While Alric dashed for the horses the children helped the Greek slave to gather some things from the house. Most importantly he took a bag of gold coins from the master’s office.
“Don’t do this, Philomenus!” some of the other slaves said. “You know what happens to runaway slaves. You’ll end up on a cross like Alric or even worse!”
But the harsh and inhumane punishments he would have to face if authorities caught him didn’t deter Philomenus. He knew what he had to do. Others might think he was helping fugitives from the law, but he knew better.
Within minutes they ran out of the building and found Alric waiting with the horses. They mounted them and rode off at top speed.
“To Ostia!” Philomenus shouted. “Our only hope is to catch a ship bound for Greece.”
They knew that they had a head start of an hour at the most, then the vigiles would come to arrest them.
When the vigiles arrived at the villa and discovered the criminals had fled they sent out messages in different directions to alert troops all over Italy to be on the lookout for two runaway slaves and three children who had murdered a Roman citizen. Then they arrested all the slaves in the villa. Under Roman law all slaves in a household were put to death if one of them killed their master. It was not clear if the law applied as Flavia had not really been their master, but the vigiles decided to leave the matter for a court to decide. Their heads bowed and some of them crying, the slaves were taken away in chains while Flavia’s body was placed in a carriage and returned to her parents’ estate.
One of the messengers sent by the vigiles took the road to Ostia. Thanks to the efficient Roman stage post system the rider could change horses at regular intervals so that he always had a fresh horse to ride. By the time the fugitives arrived in Ostia the messenger was just forty minutes away from the port.
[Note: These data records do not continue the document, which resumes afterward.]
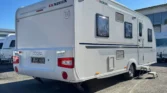 Karavan Adria Adora na slunném parkovišti, s elegantním designem a prostorným interiérem. Ideální pro dobrodružství!
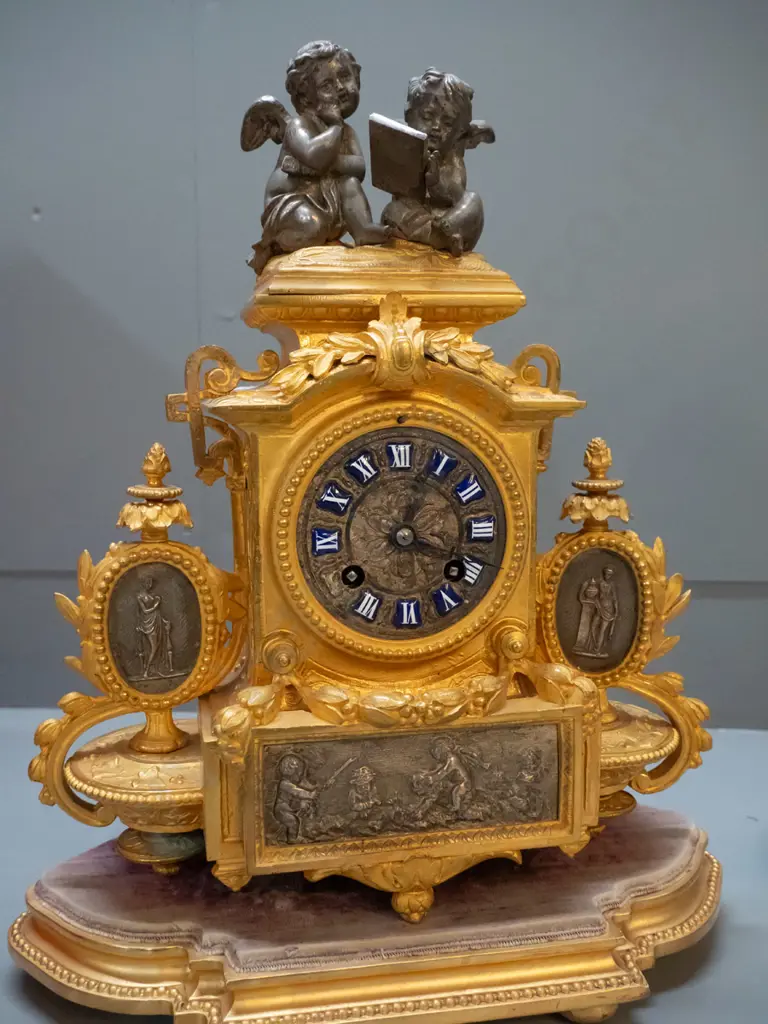 vintage ornate figural cast metal French mantel clock on timber with base glass dome, case stamped "PH Mourey" Image 1++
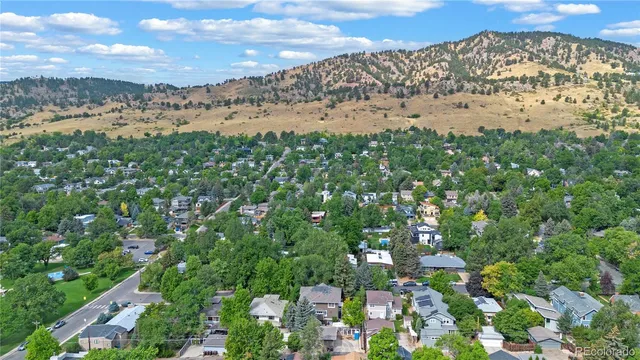an aerial view of a house with garden space and street view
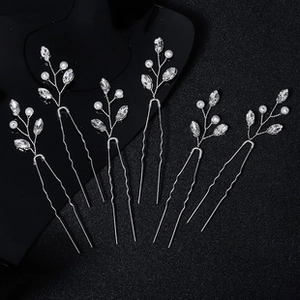 Detail of 6 handmade U-shaped hair pins with crystals and white pearls for bridal styling
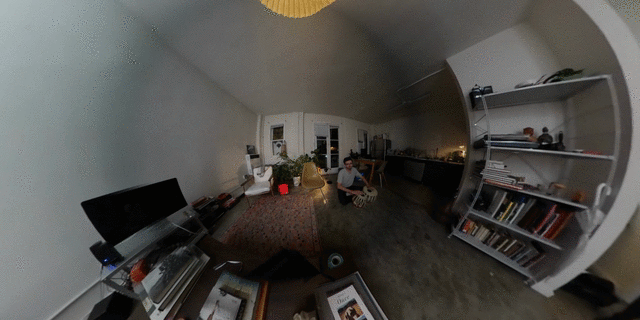 gif of an wide image zooming through the living room of a person while they are in the background playing the bongos.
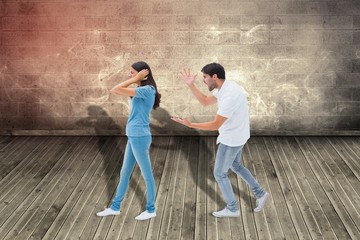 Obraz na płótnie Canvas Composite image of angry boyfriend shouting at girlfriend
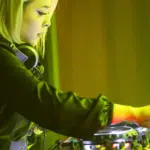 A DJ with headphones around their neck operates mixing equipment, bathed in green and yellow stage lighting, seamlessly curating the night’s vibes straight from their Beatport playlist.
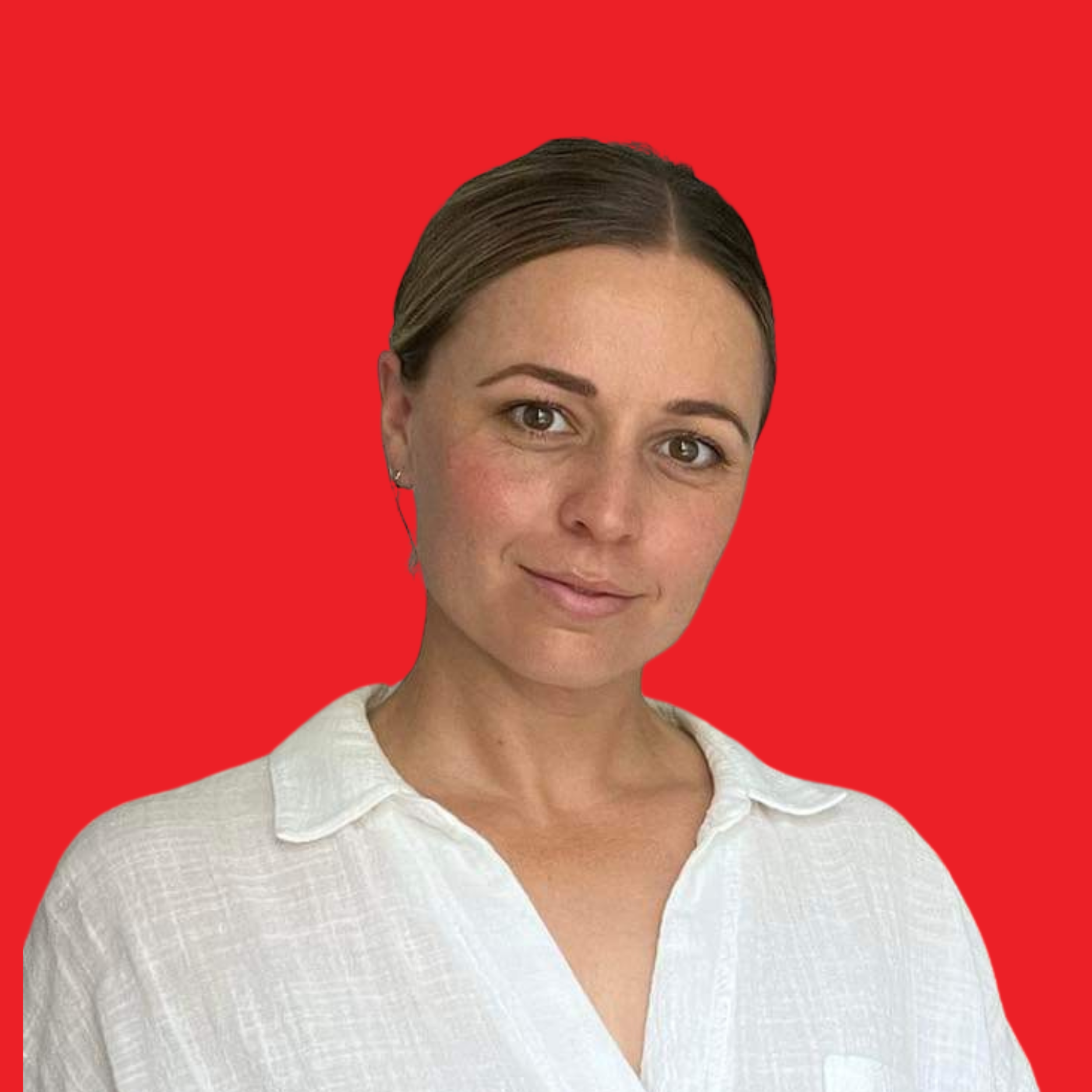 Close-up image of a woman with brown hair, smiling, wearing a white shirt, with a plain red background.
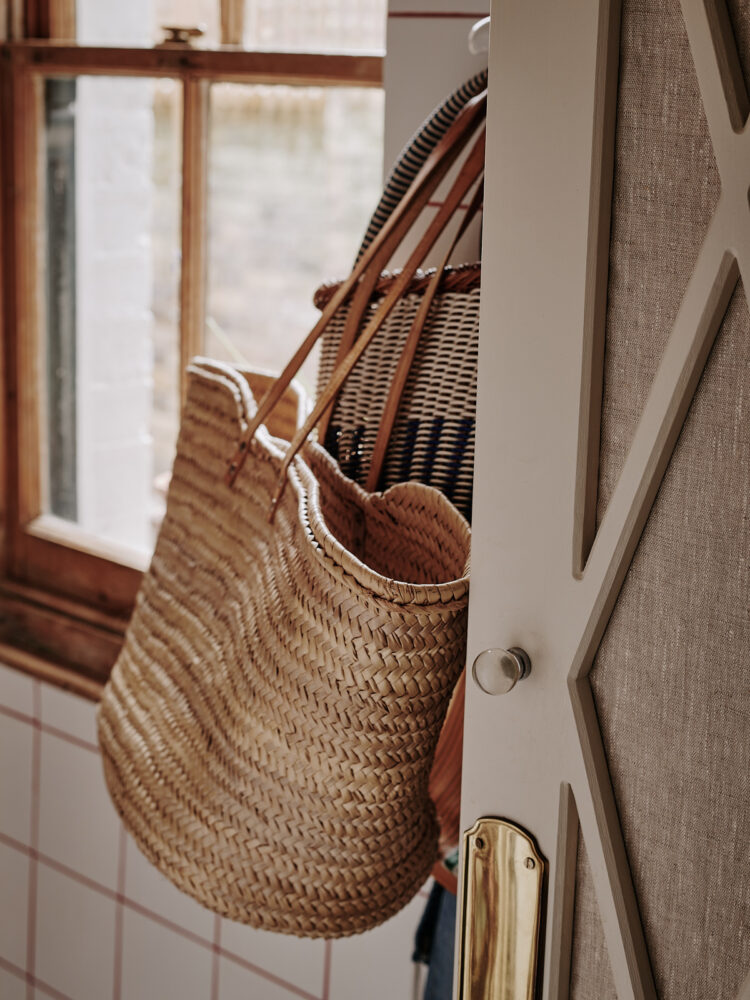 Basket hanging off door handle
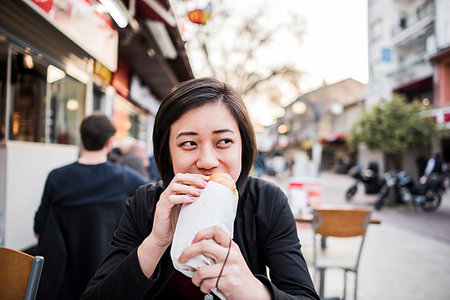 simsearch:649-09276061,k - Woman eating kebab bread at cafe, Kusadasi, Izmir, Turkey Photographie de stock - Premium Libres de Droits, Code: 649-09276070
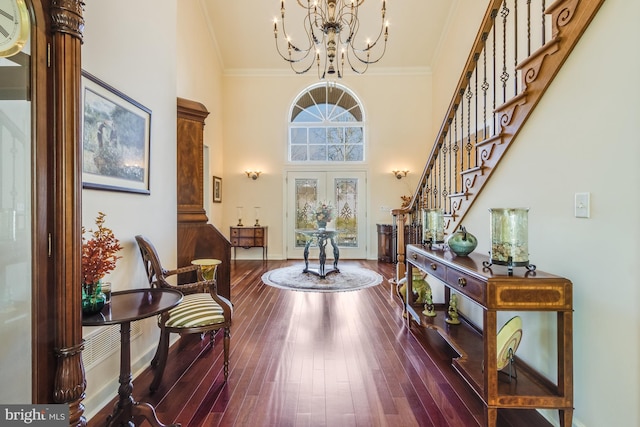 foyer with a notable chandelier, hardwood / wood-style flooring, ornamental molding, and french doors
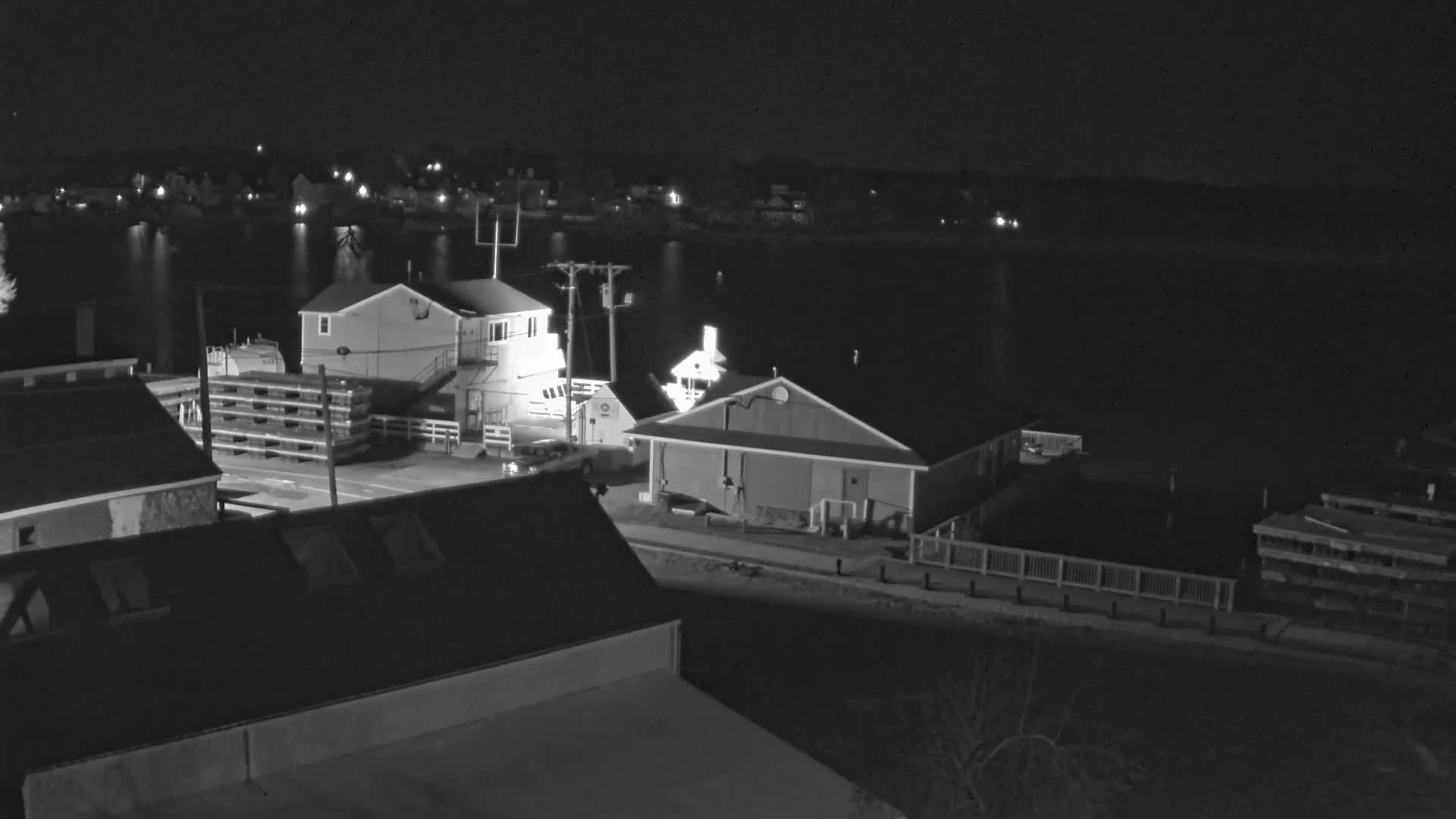 A nighttime, high-angle view of a waterfront area with several buildings, a calm body of water, and some vehicles.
Against regulations Philomenus rode straight onto the docks where many ships from across the Empire lay moored.
“Transport to Greece,” he called as they rode past ships. “We seek transport to Greece.”
“We are Greece bound,” a short stocky man said in Greek.
“We need immediate passage,” Philomenus said. Have you got room for five passengers? We’ll pay you well.”
The man looked at each member of the exhausted party. They were dusty and sweaty and had obviously ridden hard.
“We sail this evening,” he said, “to Athens.”
“Sail now,” Philomenus said, “and we’ll pay you double.”
The man looked at them critically.
“I don’t want no trouble with the law,” he said.
“You can have the horses too,” Alric said.
“But we must depart at once,” Philomenus urged. “To Matapan.”
“Matapan?” the man said in surprise.
“Here, open your hand,” Philomenus said and gave the man a handful of gold coins. It was enough to hire the entire ship.
The man greedily eyed the bag from which Philomenus had taken the coins.
“Step right aboard,” he said. “We sail at once.”
The ship with our fugitives on board cleared the port at the very moment when the messenger from the vigiles arrived with an urgent order for the portmaster to be on the lookout and detain two slaves accompanied by three children.